I would argue that only encodings directly usable with the language interpreter should be allowed. Otherwise, one could compress any answer and then claim that it uses a zip encoding.

This question is motivated mainly by answers that use an APL code page. I suspect that not all modern APL interpreters are capable of executing source that uses this encoding (but maybe I'm wrong).

• Which compiler/interpreter? It's not fair if all APL interpreters have to support the encoding being used. – Calvin's Hobbies Oct 22 '15 at 2:31
• I would be amazed if there was an APL interpreter that didn't support the APL code page because then what's the point? – Alex A. Oct 22 '15 at 2:33
• @AlexA. The APL codepage was created eons ago to be used on IBM mainframes.
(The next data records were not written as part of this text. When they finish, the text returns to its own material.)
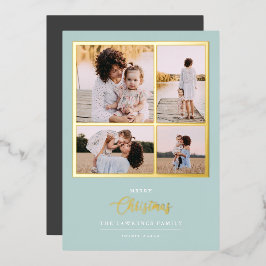 クリスマスは金ゴールド |ミントモダン4フォトホリデー 箔招待状
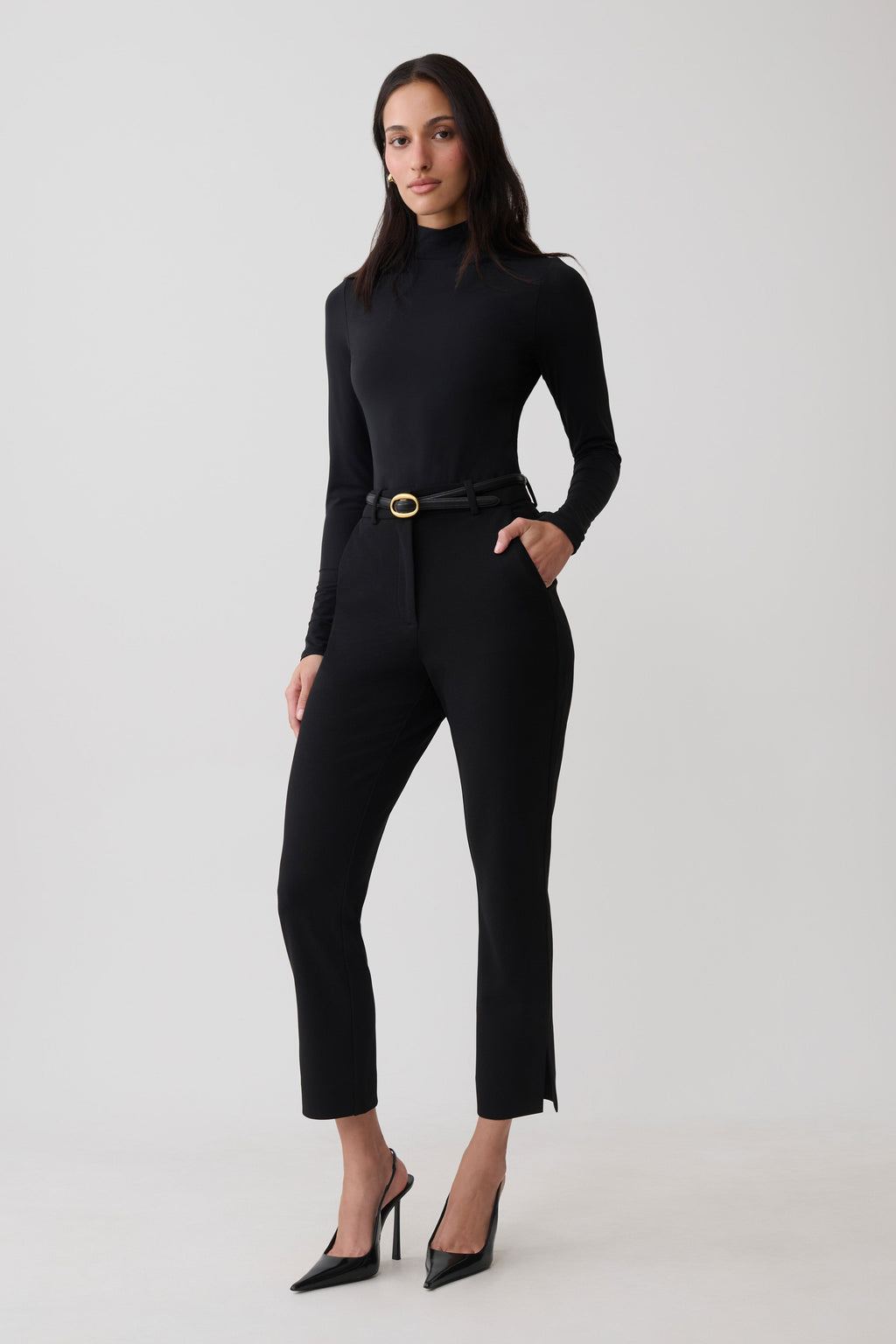 Long Sleeve High Neck Bodysuit - Black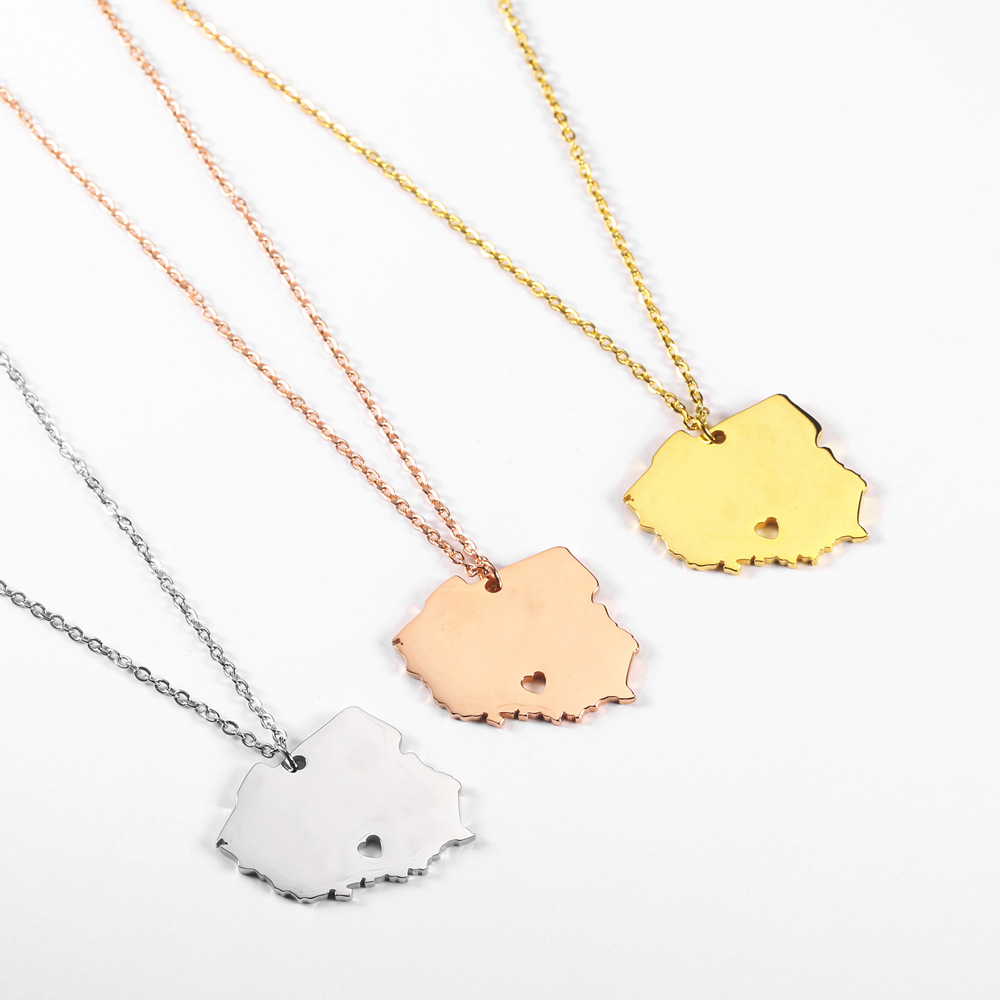 304 Stainless Steel 18K Gold Plated Simple Style Plating Map Pendant Necklace display picture 3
The technology may have moved on by now. – feersum Oct 22 '15 at 2:35
• I think this question falls under meta.codegolf.stackexchange.com/q/5878/20469. – Alex A. Oct 22 '15 at 2:36
• @Calvin'sHobbies The various APL flavors are all mutually incompatible, so most programs only work on one of them. – feersum Oct 22 '15 at 2:37
• @AlexA. But none of the answers to that question address the point I'm bringing up here. – feersum Oct 22 '15 at 2:38
• @feersum what about MartinBüttner's comment on that question itself? – Dan Henderson Oct 22 '15 at 6:58
• Once I checked the APL code page in Wikipedia and didn't find some important characters like ⍪. But I'm not sure whether it is the code page being used in modern APL. – jimmy23013 Oct 22 '15 at 9:41
• @DanHenderson This one? I don't see how it's relevant. – feersum Oct 22 '15 at 11:36
• Either way, the problem is trivial to fix. Someone writes a program that converts from the legacy APL encoding to the Unicode APL characters and feeds the code to a "real" interpreter-- then an interpreter exists. – lirtosiast Oct 24 '15 at 4:01
• @jimmy23013 See here. – Adám Jun 21 '16 at 22:12

In effect, the new language is a combination of recode (with the right arguments) and the original language.